Bu ayette haber vardır; Allah, müşrikler karşısında Bedir’de savaşan mü’minlerin sahip oldukları manevî gücü kendilerine haber vermektedir. Bu gücün sebebi ise, müminlerin tüm gerçekleri kavramış, ilahi hakikatleri idrak etmiş ve inanmış olmaları; müşriklerin ise, dünya hayatının sadece zahirini biliyor olup onun gerisindeki gerçekleri, ilahi hakikatleri tanımamaları, dolayısıyla inkâr etmeleridir…

Allah, müşriklerin bu savaşta mağlubiyetlerinin gerçek sebebini şu cümle ile açıklamıştır: بأنهم قوم لايفقهون “...çünkü onlar (gerçekleri ) kavramayan bir topluluktur.”

Zira müşrikler, genellikle öldükten sonra tekrar diriltileceklerine, cennet ve cehenneme inanmıyorlardı. Denilebilir ki onlar, savaş atmosferinde müminlerle kıyaslandıkları zaman uğruna can vermeyi göze alabilecekleri yüksek değerlere sahip değillerdi. Allah’tan beklentileri ise, sadece zanlarına göreydi(!)… Öldükten sonra tekrar diriltileceklerine, yani Ahiret hayatına inanmadıkları için, onlara göre yaşanacak tek hayat, dünya hayatıdır. Onlar aynı zamanda kabile şerefini, yurtlarını, mallarını korumak için savaşıyorlardı. Fakat savaş meydanında ölümle karşı karşıya kaldıkları zaman, öldürülmek suretiyle yaşama şansını kaybetmemek için savaştan da kaçabilirlerdi!
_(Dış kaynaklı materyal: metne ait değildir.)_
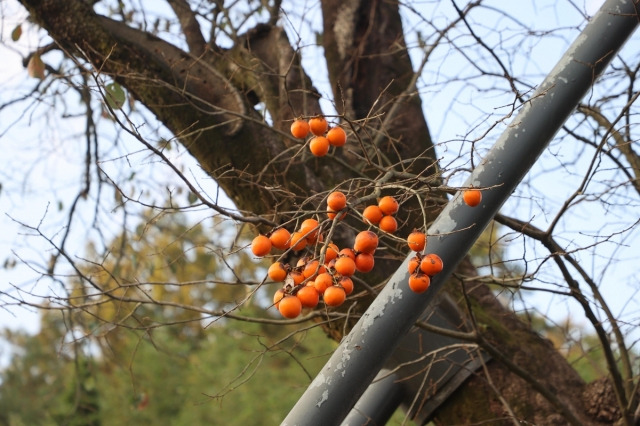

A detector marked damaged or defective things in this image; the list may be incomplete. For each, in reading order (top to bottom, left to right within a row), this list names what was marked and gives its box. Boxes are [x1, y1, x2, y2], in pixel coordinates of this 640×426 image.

peeling pipe paint [284, 1, 640, 424]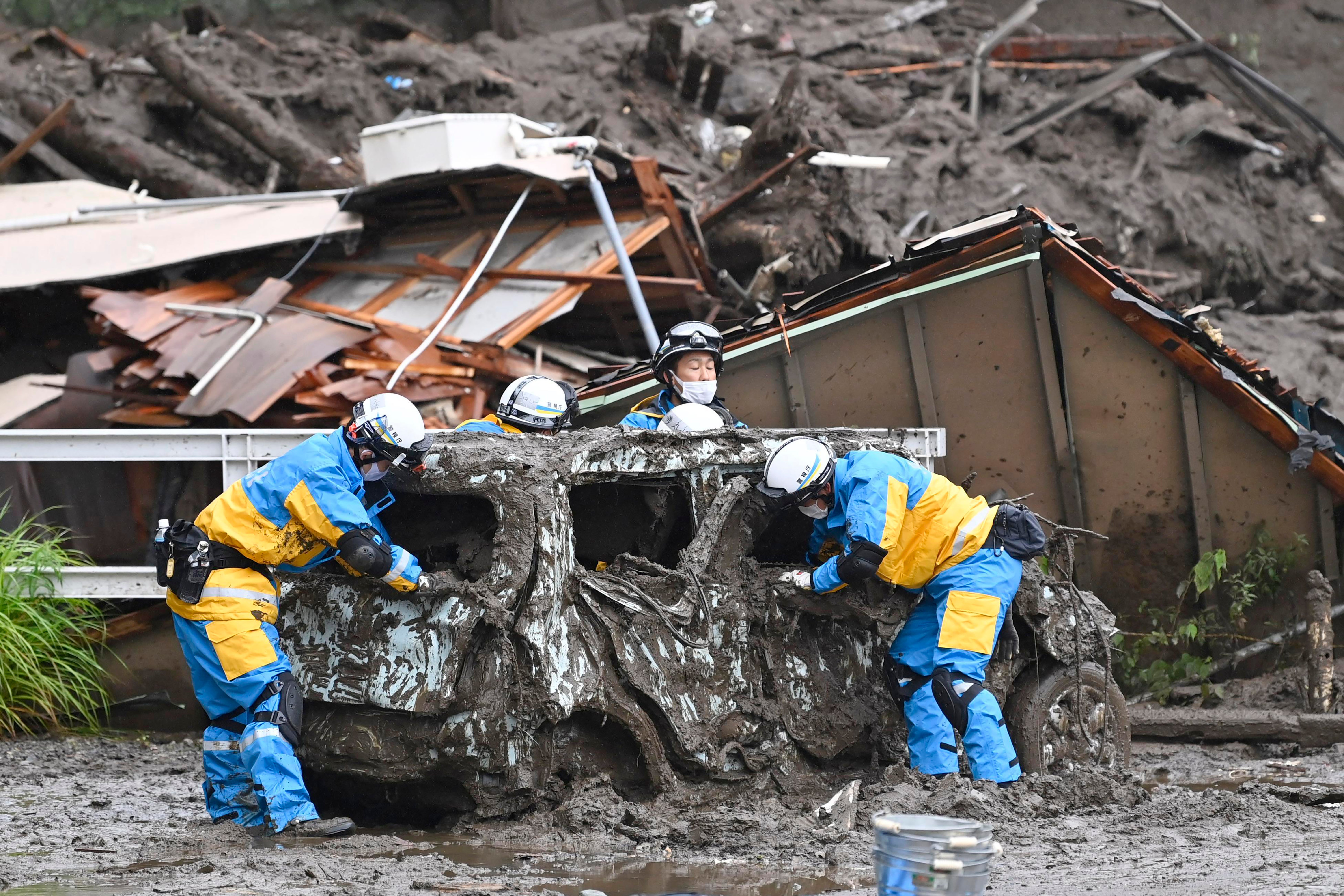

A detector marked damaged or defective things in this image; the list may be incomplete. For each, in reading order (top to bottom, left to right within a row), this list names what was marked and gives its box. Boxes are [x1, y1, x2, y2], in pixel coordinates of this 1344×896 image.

crushed car [280, 426, 1133, 821]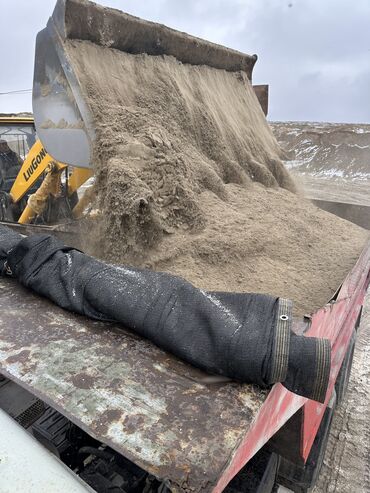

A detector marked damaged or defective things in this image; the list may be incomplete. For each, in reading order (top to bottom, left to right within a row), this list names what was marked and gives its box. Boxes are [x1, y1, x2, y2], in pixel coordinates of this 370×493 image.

rusty metal surface [0, 278, 268, 490]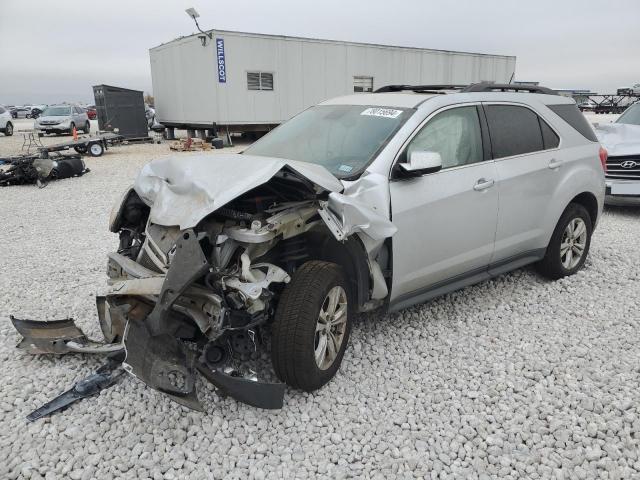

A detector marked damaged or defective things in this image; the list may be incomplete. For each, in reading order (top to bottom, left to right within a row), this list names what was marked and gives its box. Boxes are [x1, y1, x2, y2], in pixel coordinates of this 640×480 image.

damaged front bumper [9, 230, 284, 420]
wrecked chevrolet equinox [13, 84, 604, 414]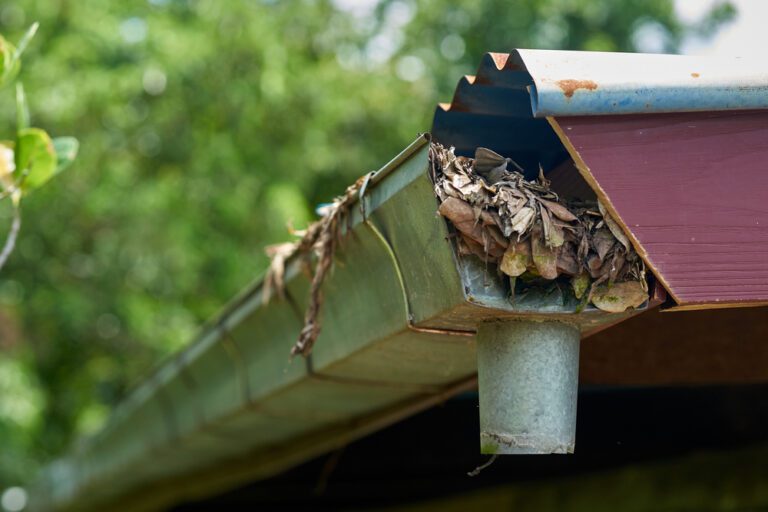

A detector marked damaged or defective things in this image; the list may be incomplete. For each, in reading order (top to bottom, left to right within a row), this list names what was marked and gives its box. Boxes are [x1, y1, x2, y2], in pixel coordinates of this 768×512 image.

rust stain [560, 78, 600, 98]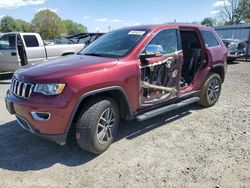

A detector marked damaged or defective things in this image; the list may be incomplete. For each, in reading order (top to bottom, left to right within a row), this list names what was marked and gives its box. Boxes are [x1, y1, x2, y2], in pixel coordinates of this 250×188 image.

damaged door [139, 29, 182, 106]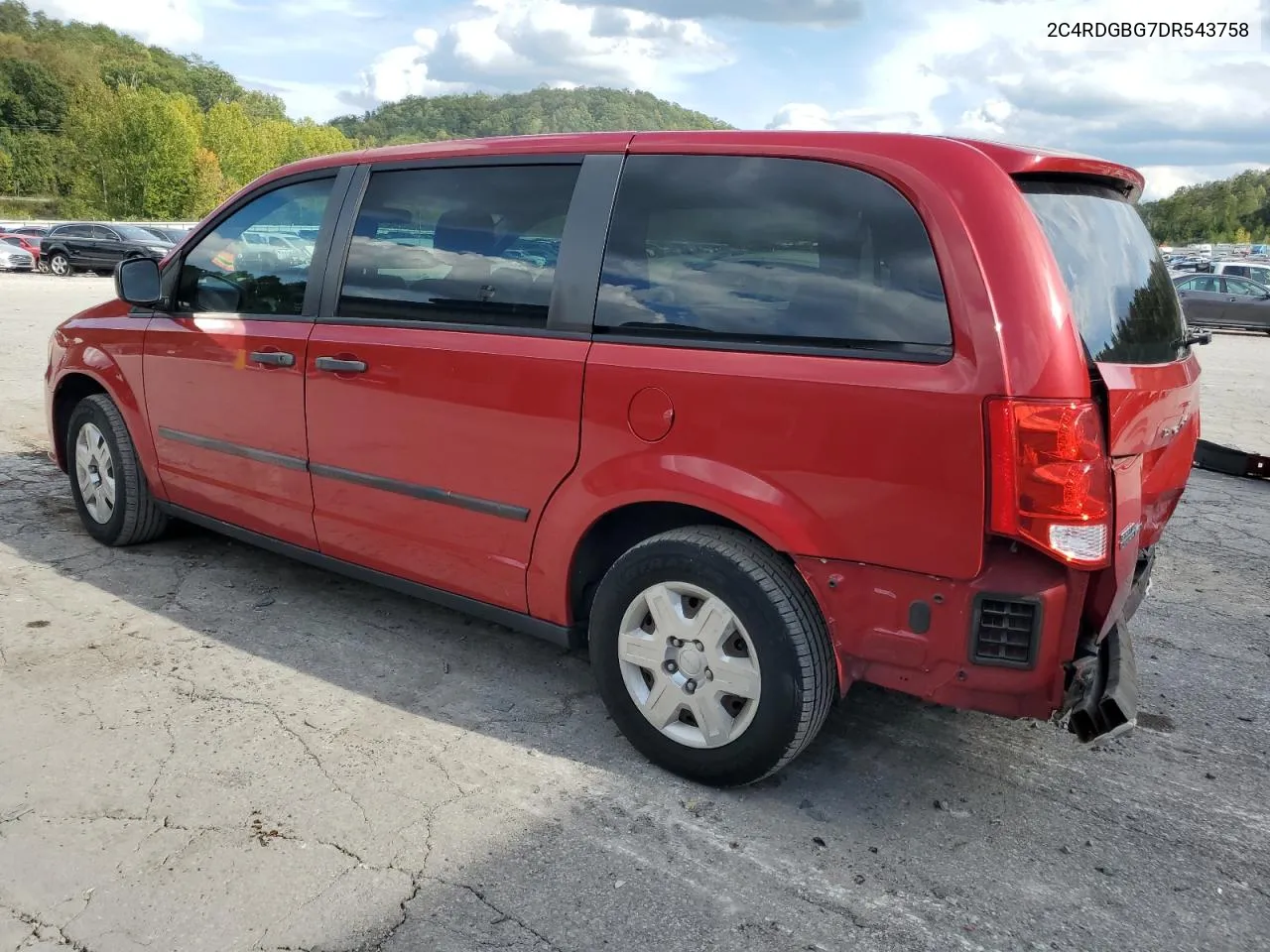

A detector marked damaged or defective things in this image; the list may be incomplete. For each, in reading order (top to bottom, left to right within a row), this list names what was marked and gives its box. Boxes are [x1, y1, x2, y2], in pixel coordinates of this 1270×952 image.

cracked pavement [2, 276, 1270, 952]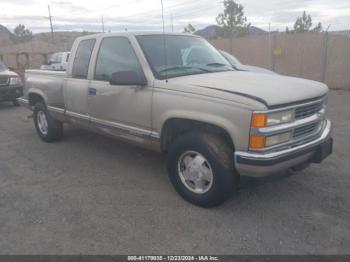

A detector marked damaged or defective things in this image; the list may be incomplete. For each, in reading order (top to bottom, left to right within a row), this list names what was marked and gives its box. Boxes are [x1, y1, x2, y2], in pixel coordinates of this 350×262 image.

damaged vehicle [17, 32, 332, 208]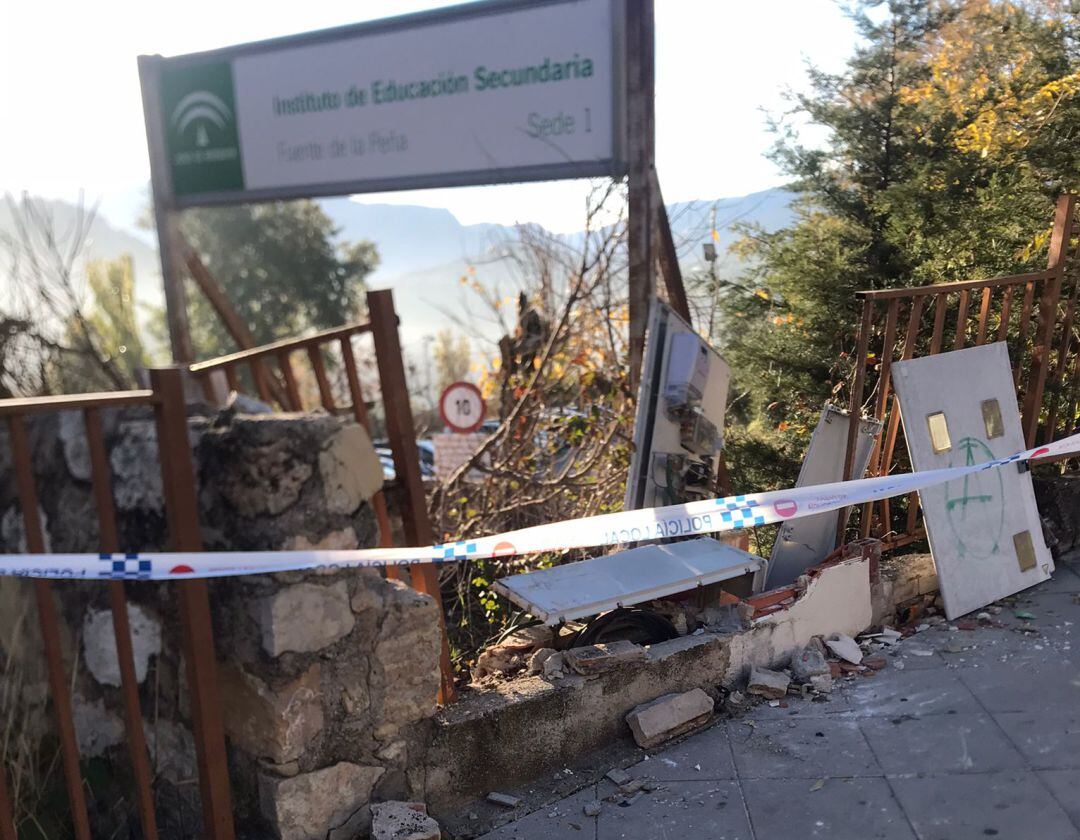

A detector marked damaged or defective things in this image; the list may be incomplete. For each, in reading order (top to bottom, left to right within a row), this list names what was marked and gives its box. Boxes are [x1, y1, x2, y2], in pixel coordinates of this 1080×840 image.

rusted metal frame [0, 388, 154, 416]
rusted metal frame [249, 358, 274, 404]
rusted metal frame [188, 324, 370, 372]
rusted metal frame [276, 350, 302, 412]
rusted metal frame [306, 340, 336, 408]
rusted metal frame [338, 340, 396, 576]
rusted metal frame [370, 290, 458, 704]
rusted metal frame [836, 298, 876, 548]
rusted metal frame [864, 300, 900, 540]
rusted metal frame [880, 296, 924, 532]
rusted metal frame [928, 292, 944, 354]
rusted metal frame [856, 270, 1048, 302]
rusted metal frame [952, 292, 972, 352]
bent metal fence [844, 194, 1080, 548]
rusted metal frame [976, 286, 992, 344]
rusted metal frame [996, 284, 1012, 342]
rusted metal frame [1012, 282, 1040, 388]
rusted metal frame [6, 416, 91, 840]
rusted metal frame [82, 406, 158, 832]
rusted metal frame [150, 370, 234, 840]
bent metal fence [0, 290, 454, 840]
broken bricks [628, 688, 712, 748]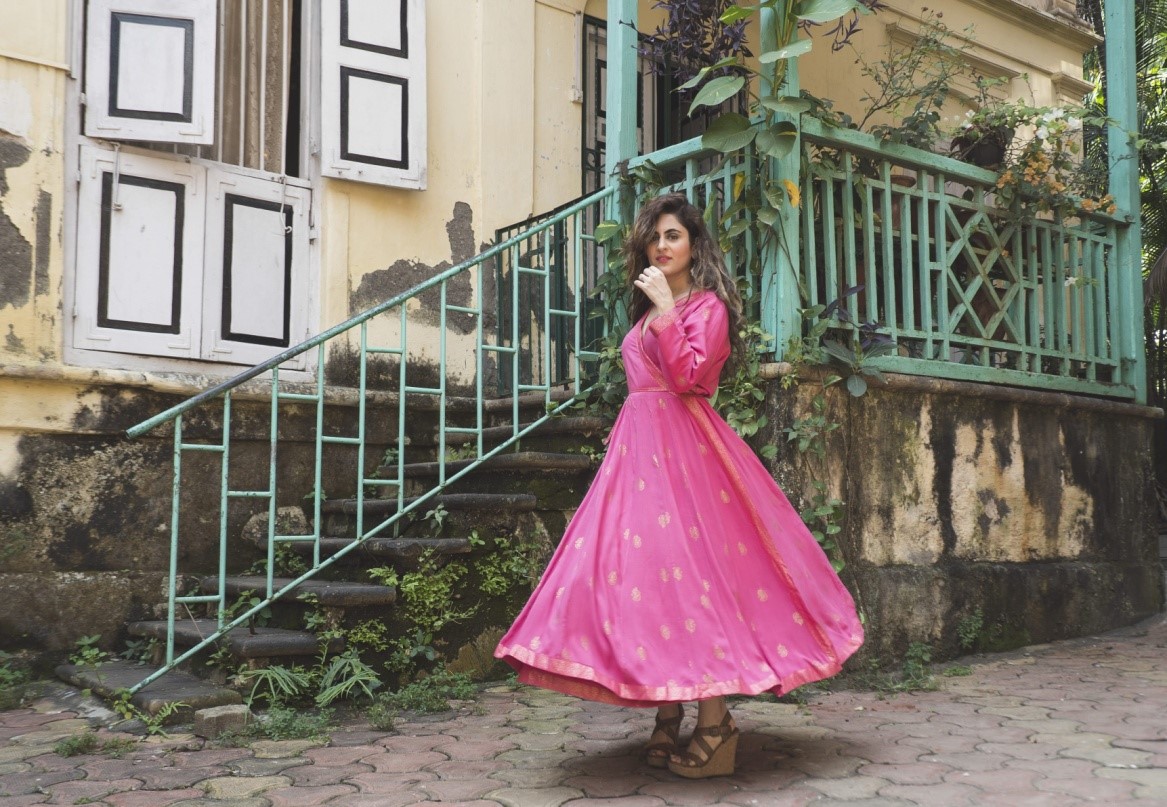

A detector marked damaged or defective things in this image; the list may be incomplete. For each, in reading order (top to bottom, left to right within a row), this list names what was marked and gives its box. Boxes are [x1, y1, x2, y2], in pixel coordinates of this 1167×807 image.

peeling plaster wall [760, 382, 1162, 667]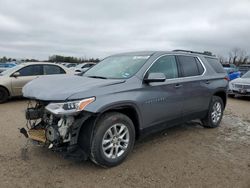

Nitekim bu savaşta öyle de olmuştur…

Mü’minler ise, Allah’a inanıyorlar ve Allah’tan melekleri vasıtasıyla yardım geleceğini umuyorlar.  Allah, kendileriyle birlikte olduğu sürece, hiç kimsenin onlara üstün gelemeyeceğini biliyorlardı.  Âhireti, dünyadan daha fazla önemsiyorlar; dünya hayatına, âhiretin ekeneği gözüyle bakıyorlar... Savaşta öldürülmek, onlar için ölmek değil, gerçek hayata şehâdet rütbesiyle intikal etmek, Allah’ın lütfuna ve rızasına mazhar olmak olarak değerlendiriyorlardı.  Savaştan kaçmak ise, onlar için ebedî felaket; Allah’ın gazabına, lânetine ve büyük azaba uğramak anlamına geliyordu.

İşte Allah Teala, müşriklerdeki bu duygu ve düşünce ile mü’minlerdeki o sağlam ve gerçekçi anlayış ve imanı karşılaştırdığında, her iki grubun manevi gücünü görüyor ve mü’minlerin sahip oldukları üstünlüğü kendilerine haber veriyordu. Kanaatimizce, bu ayetin lafzında ve manasında değil, zımnında dahi hüküm bulunmamaktadır!

Ne var ki Mü’minlerin, kendileri hakkındaki bilgi eksikliğinden; kendi güçlerini tam olarak takdir edememekten; özellikle de bazı sahabîlerin, yakından tanıdıkları bazı müşrikler karşısında taşıdıkları zafiyet halâ devam etmekteydi. İşte bu yüzden: “Allah sizde bir zaafiyetin olduğunu bildiği için şu anda size hafifletti...”  demiştir.

Hafifletme veya değişme Allah’ın bilgisinde olmamıştır. O sabittir. Çünkü Allah için “beda” muhaldir; Allah yanılmaz… Mü’minler, müşrikler karşısındaki duygusal zafiyetlerine, kendi güçlerini yeterince takdir edememelerine rağmen, Allah’a göre belirtilen güce sahiptirler...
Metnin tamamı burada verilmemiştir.